Set down, exactly and in full, the line holding "S60 Recharge T8, Thunder Grey" and all the lines after it until the listing ends, and nothing else.

── Supplied data ──

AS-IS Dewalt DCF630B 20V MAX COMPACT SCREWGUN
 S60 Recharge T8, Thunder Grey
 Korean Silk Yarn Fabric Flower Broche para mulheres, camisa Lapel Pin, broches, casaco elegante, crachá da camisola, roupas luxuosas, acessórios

───

- [Exercise output]:
 S60 Recharge T8, Thunder Grey
 Korean Silk Yarn Fabric Flower Broche para mulheres, camisa Lapel Pin, broches, casaco elegante, crachá da camisola, roupas luxuosas, acessórios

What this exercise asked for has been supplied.